The record low inflows and impairments realised during the year have driven the decline in NPAT. Impairments reflect the decisions taken to rationalise the company’s generation development portfolio and non-core investments.

Meridian’s underlying NPAT (where the effects of non-cash fair value movements, impairments and other one-off items are removed) has decreased by 52% compared to last year. Last year’s underlying NPAT includes 11 months of generation revenue from the Tekapo stations and proceeds from the settlement with New Zealand Aluminium Smelters Limited. If these items were excluded, the current year’s decrease would be 40%.

The Retail segment achieved pleasing growth in its underlying profitability based on a fixed input purchase price of $85/MWh, due to a better balanced portfolio. Meridian’s international and subsidiary segments also improved their performances compared with last year.
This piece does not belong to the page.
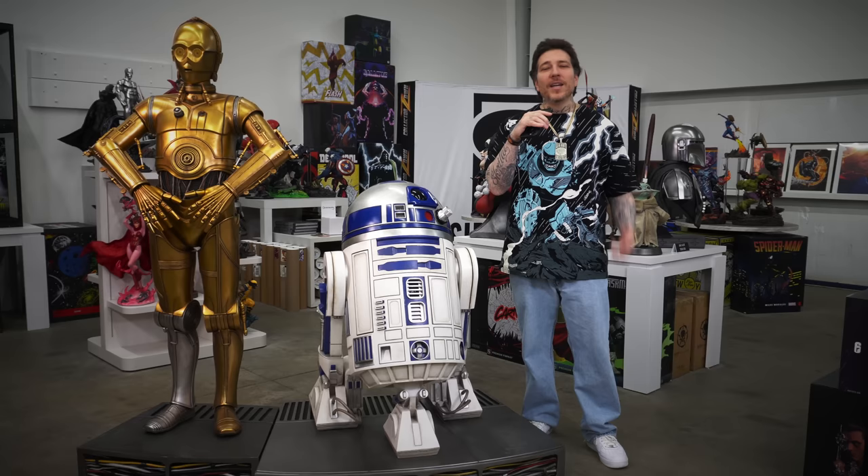That concludes the tour for the Collector Zone statue gallery — awesome space, so many great pieces. Big thank you to Marcos for letting us crash the place and get in here a little bit early so we could do this tour without any traffic. Check out collectorzone.com, check out their Facebook group the Collector Zone Cantina, and stay minty fresh — peace.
Since Mark Binns started as Chief Executive in January, the company has rationalised its non-core investments. This has included the announcements of the decisions to construct Mill Creek and exit both Project Hayes and Mokihinui. Meridian also sold Right House, its shareholding in Whisper Tech’s European joint venture, and is marketing its USA business.

Meridian’s overseas renewable development projects are progressing well. Mr Binns said, “In Victoria, Australia, the joint venture Macarthur wind farm project is on-track to start generating first power in September 2012, and we delivered a solar farm for the Tongan Government under the New Zealand Government aid programme.”

Meridian is trialling its award-winning Powershop offering in the Australian retail market, and is evaluating the potential to develop the Mt Mercer wind farm, also in Victoria.

Meridian started construction on the Mill Creek wind farm, near Wellington, in July.

During the year, Meridian paid $140.7 million of dividends to its shareholder.